Tag: International, Research & Development, Food security
Fonterra retains its global rank [31 August, Farmers Weekly]
Fonterra has retained its sixth place in Rabobank’s annual Global Dairy Top 20 report for 2021, behind Yili, Danone, Dairy Farmers of America, Nestlé, and Lactalis (who took the top spot for the first time in 2021). The combined turnover of the top 20 companies fell by just 0.1% last year, as the global dairy sector navigated the disruptions caused by covid-19. The pandemic also heightened consumers’ awareness of environmental challenges. Rabobank dairy analyst Richard Scheper says many companies included in the top 20 have made sustainability commitments for 2030 and carbon-neutrality commitments for 2050.
Tag: Dairy, Trade & Exports
By the end of 2023, all fresh chicken sold in Dutch supermarket chains will carry the ‘Beter Leven’ (Better Life) label bearing at least one star, meaning all fresh chicken in retail stores will be produced with animal welfare in mind. Chicken products that receive one Better Life star mean that the animals have more room than conventional intensive farming, two stars means they also have access to the outdoors, and three stars means they have the most space both indoors and outdoors.
Tag: International, Animal Welfare, Poultry
New dairy and dairy alternative product launches in August [31 August, Food Navigator]
Twenty-two dairy alternative products have been launched in August in countries across the globe, including the United Kingdom, United States, Australia, Israel, France, India, and New Zealand. The alternative dairy products include butter, yogurt, Indian dessert, sour cream, milk, cheese, and more.
Tag: International, Dairy, Alternative Proteins, Food Marketing
Fulham solicitor accused of injecting blood into stores' food [28 August, BBC News]

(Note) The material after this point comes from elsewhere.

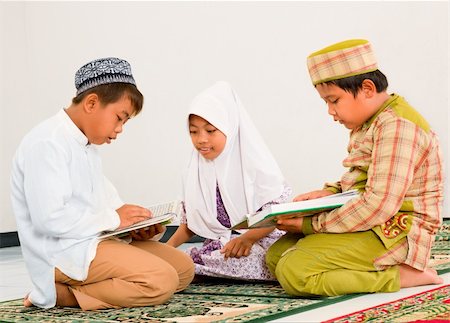 students reading in groups - Muslim children reading Holy Koran Stock Photo - Budget Royalty-Free & Subscription, Code: 400-06085651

A solicitor from Fulham has appeared in court accused of injecting blood into food items at three west London stores. The court heard the defendant being accused of entering the Waitrose store, "throwing around" syringes of blood and injecting them into food items. He is also accused of doing the same along with throwing eggs in a nearby Sainsbury's store and going on to inject more items in Tesco Express before he was arrested. He is in custody and will appear at Isleworth Crown Court on 24 September.
Tag: International, Food Security
Nestlé opens largest R+D Accelerator yet for rapid cross-category innovation [31 August, Food Ingredients First]
Nestlé has introduced its largest R+D Accelerator in Lausanne Switzerland to accelerate “the translation of fundamental science into cross-category innovations” and quickly bring these highly differentiated innovations to the market. The new facility covers 4,000 square metres giving it the ability to host up to 10 teams simultaneously with a variety of co-working stations, prototyping kitchens, and mini-production facilities.